**EXERCISE DIRECTIONS:**
Set each line of the material below down word for word, from the first through the line that holds "战术范板鞋——君洛克迷彩蜘蛛6.0体验分享", but not the pictures.

**EXERCISE DATA:**
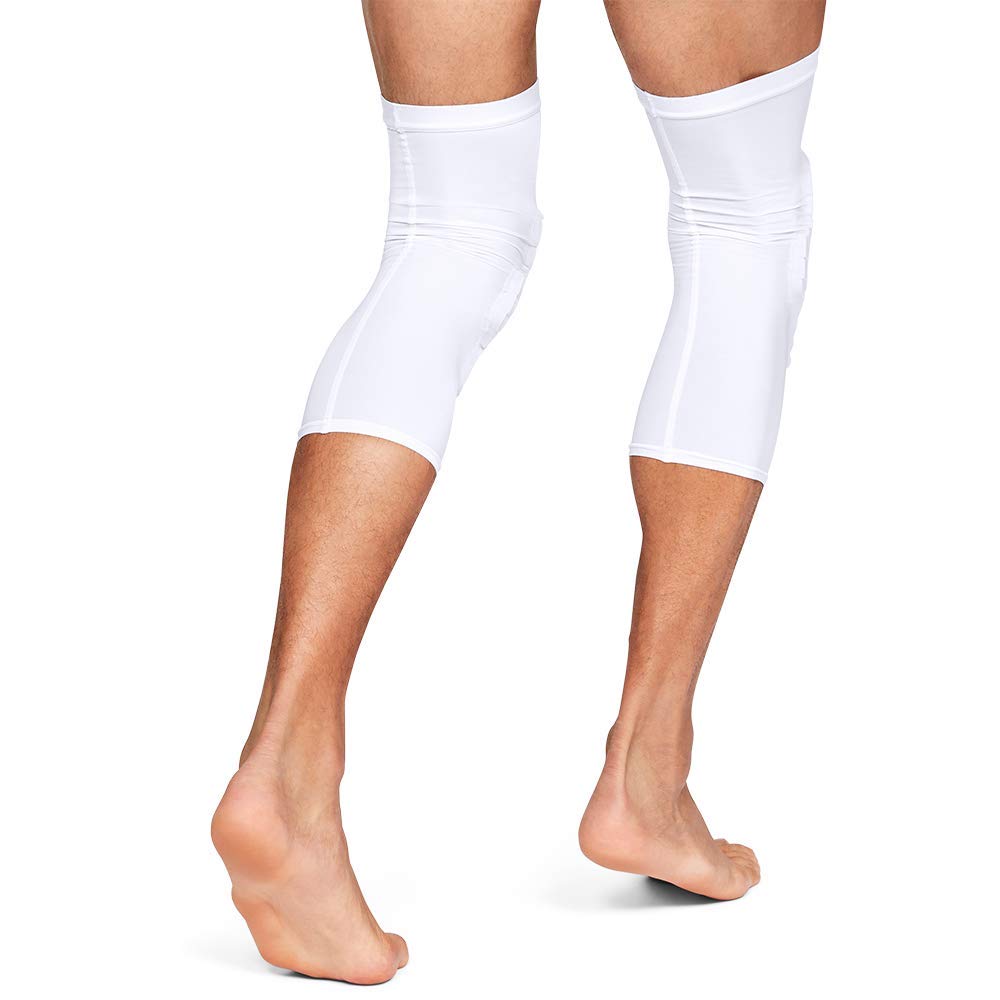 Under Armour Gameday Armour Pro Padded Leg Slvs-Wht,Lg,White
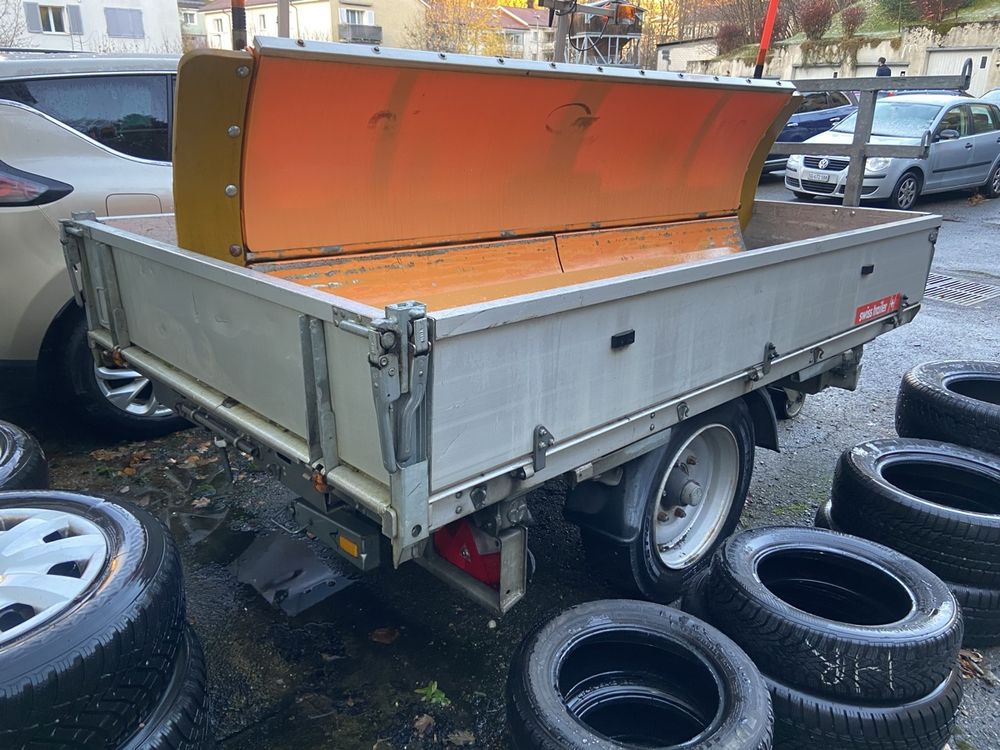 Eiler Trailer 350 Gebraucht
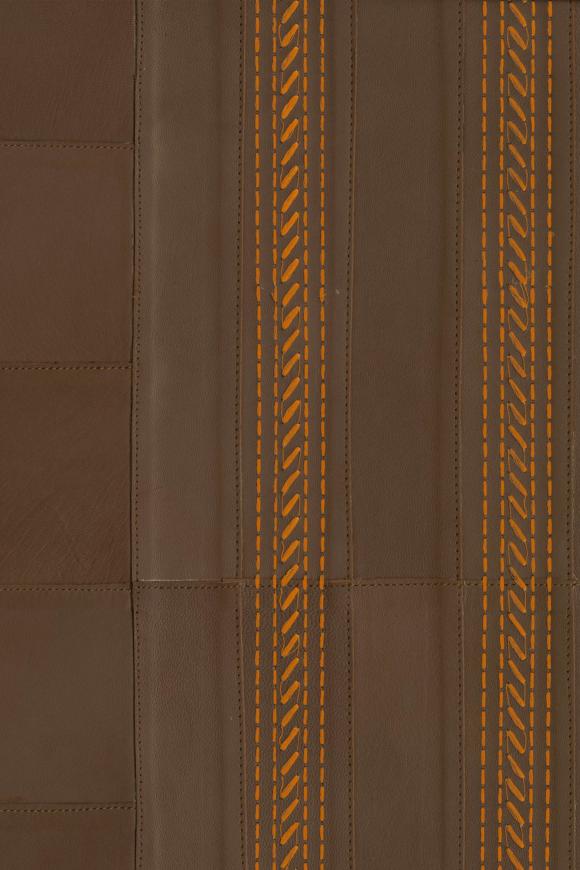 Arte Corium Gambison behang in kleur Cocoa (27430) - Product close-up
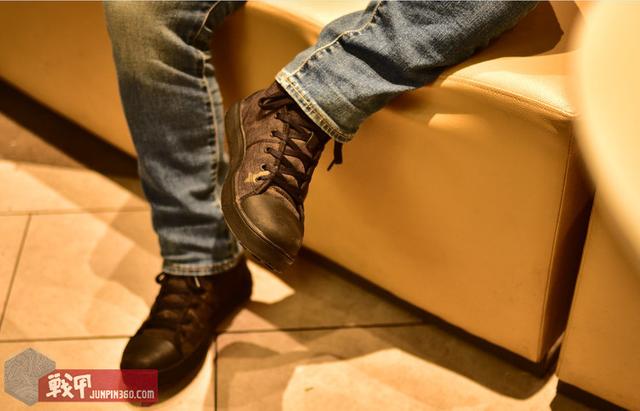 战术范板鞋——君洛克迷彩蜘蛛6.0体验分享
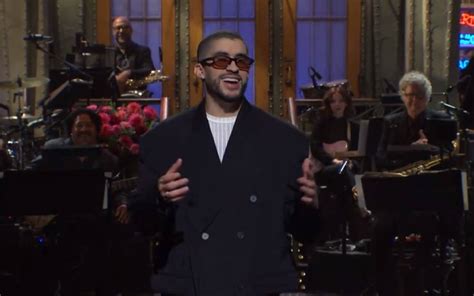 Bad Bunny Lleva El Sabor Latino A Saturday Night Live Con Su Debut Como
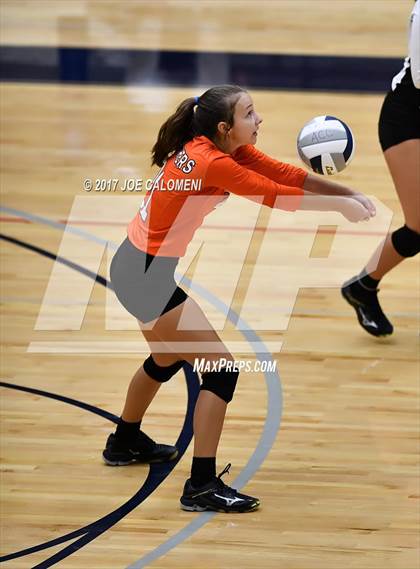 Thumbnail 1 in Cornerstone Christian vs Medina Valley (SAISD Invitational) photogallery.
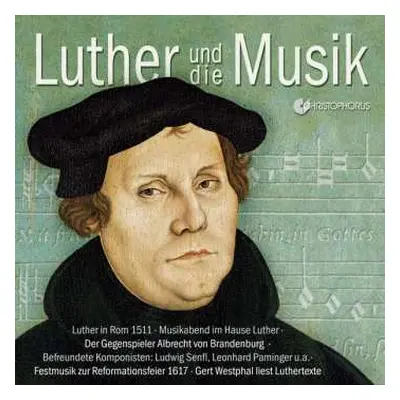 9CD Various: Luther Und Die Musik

**ANSWER SPACE:**
 Under Armour Gameday Armour Pro Padded Leg Slvs-Wht,Lg,White
 Eiler Trailer 350 Gebraucht
 Arte Corium Gambison behang in kleur Cocoa (27430) - Product close-up
 战术范板鞋——君洛克迷彩蜘蛛6.0体验分享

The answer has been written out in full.